Pictures are to be left out, and only the lines from the one containing "HARPER SINGLE SPEED/FG - Sage Green" through the last line of the data are to be returned exactly.

(RECORD EXTRACTS begins)

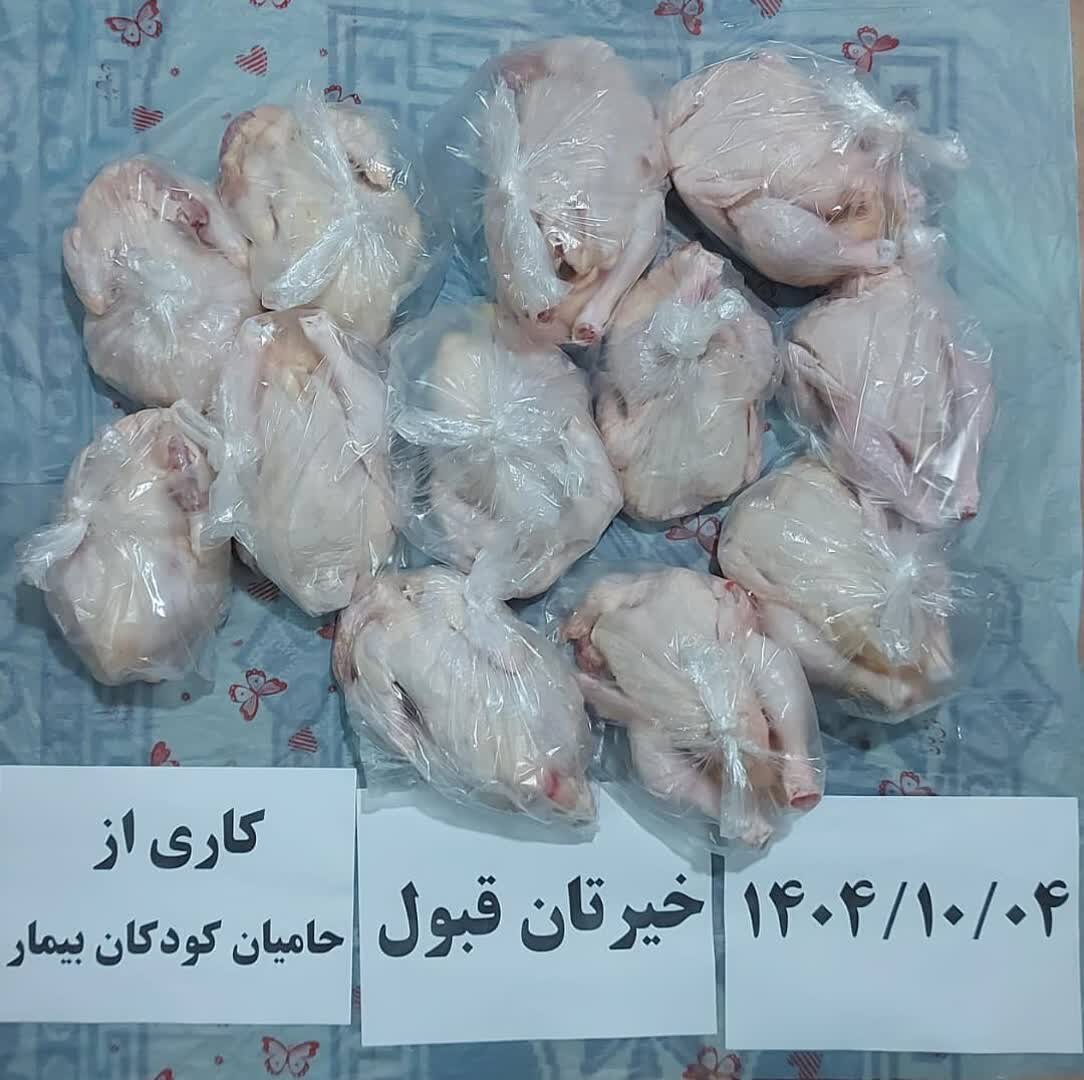 ماهانه ۲ میلیارد و ۵۰۰ میلیون ریال به خانواده‌های نیازمند اهدا می‌شود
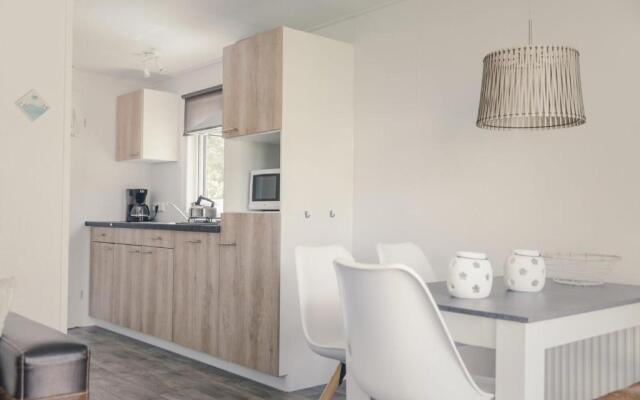 Groepsaccommodatie - 6x bungalette 5p met veranda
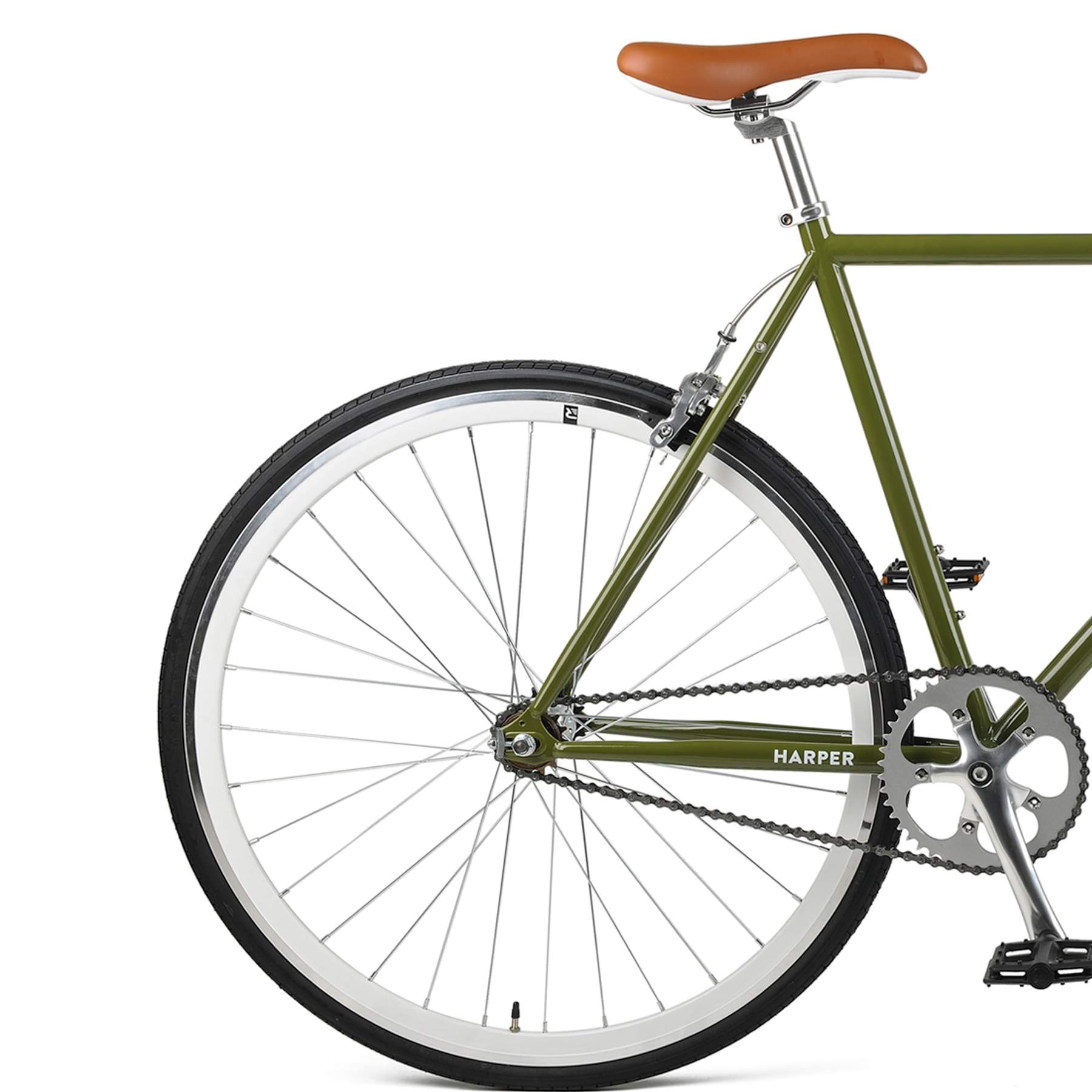 HARPER SINGLE SPEED/FG - Sage Green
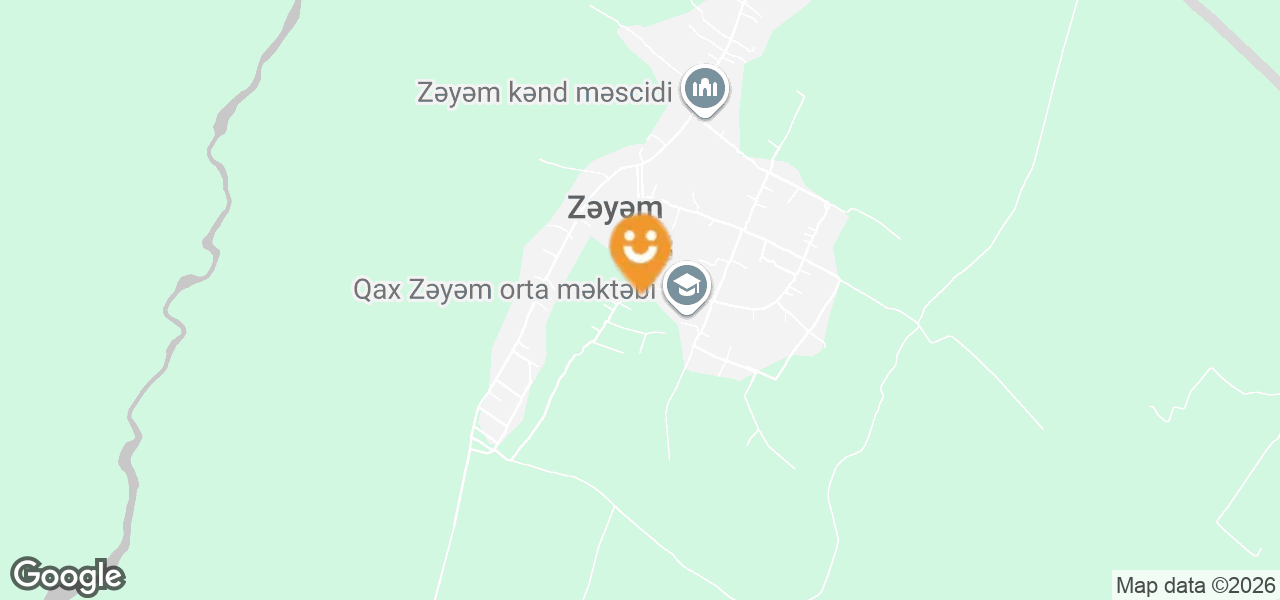 Zəyəm kənd Folklor Evi (Qax)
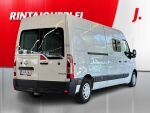 Nissan NV400 2017 Valkoinen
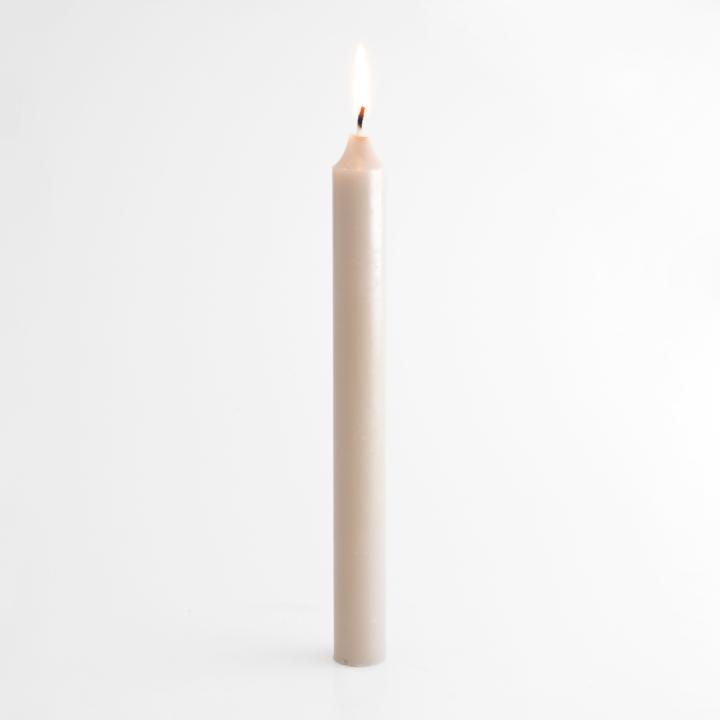 Cylindrical candle / Musk - Ronca Home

(RECORD EXTRACTS ends)

▸ **RESPONSE AREA**
 HARPER SINGLE SPEED/FG - Sage Green
 Zəyəm kənd Folklor Evi (Qax)
 Nissan NV400 2017 Valkoinen
 Cylindrical candle / Musk - Ronca Home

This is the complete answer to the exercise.